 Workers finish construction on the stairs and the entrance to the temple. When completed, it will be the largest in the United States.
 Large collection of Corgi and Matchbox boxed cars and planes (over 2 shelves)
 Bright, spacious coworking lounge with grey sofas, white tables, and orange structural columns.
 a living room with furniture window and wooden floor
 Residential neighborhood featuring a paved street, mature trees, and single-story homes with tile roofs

▬▬▬▬▬▬

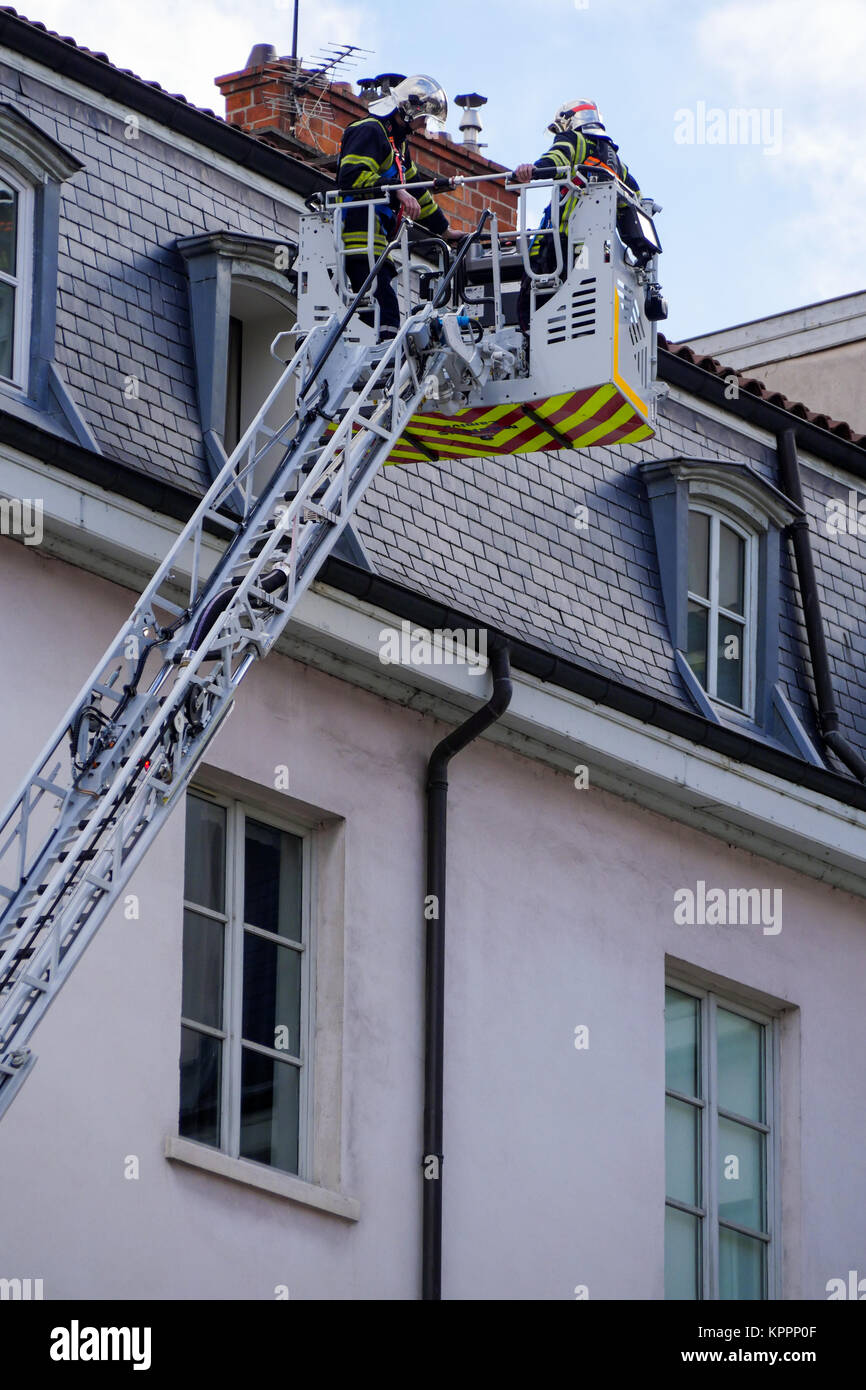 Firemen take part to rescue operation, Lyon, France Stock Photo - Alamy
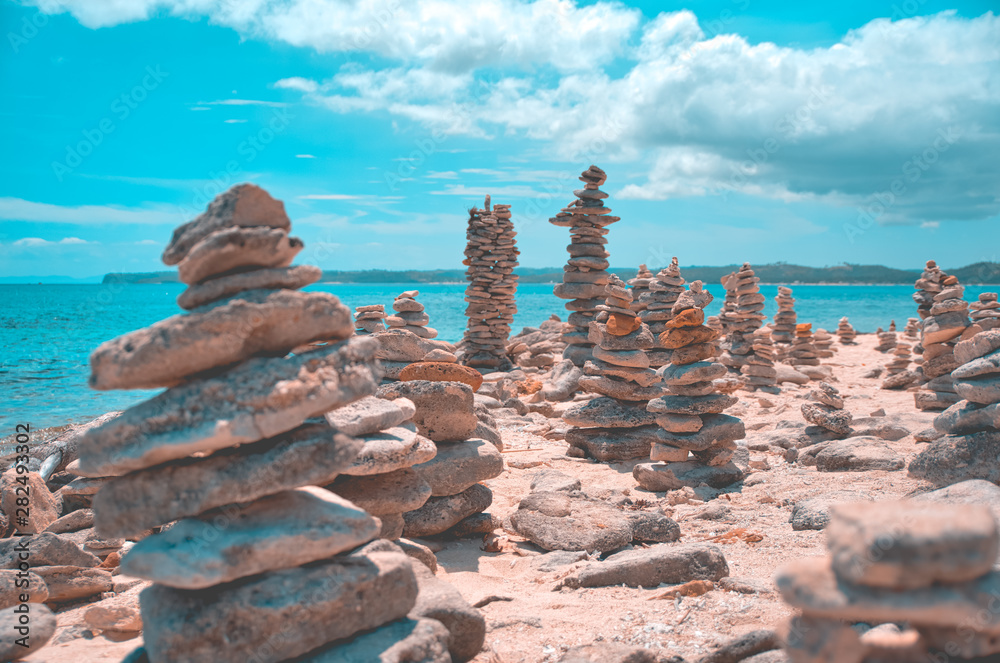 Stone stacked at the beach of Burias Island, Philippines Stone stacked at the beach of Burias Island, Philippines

▬▬▬▬▬▬

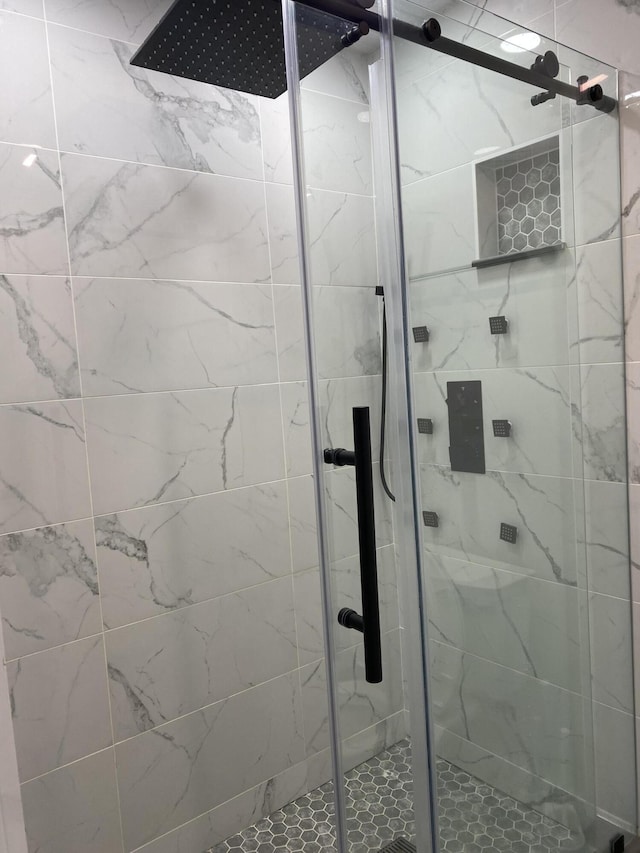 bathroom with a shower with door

▬▬▬▬▬▬

_Assigned task:_ Using the data above, reproduce exactly the lines from the line that contains "a living room" through the line that contains "Residential neighborhood featuring", including both.

_Written reply:_
 a living room with furniture window and wooden floor
 Residential neighborhood featuring a paved street, mature trees, and single-story homes with tile roofs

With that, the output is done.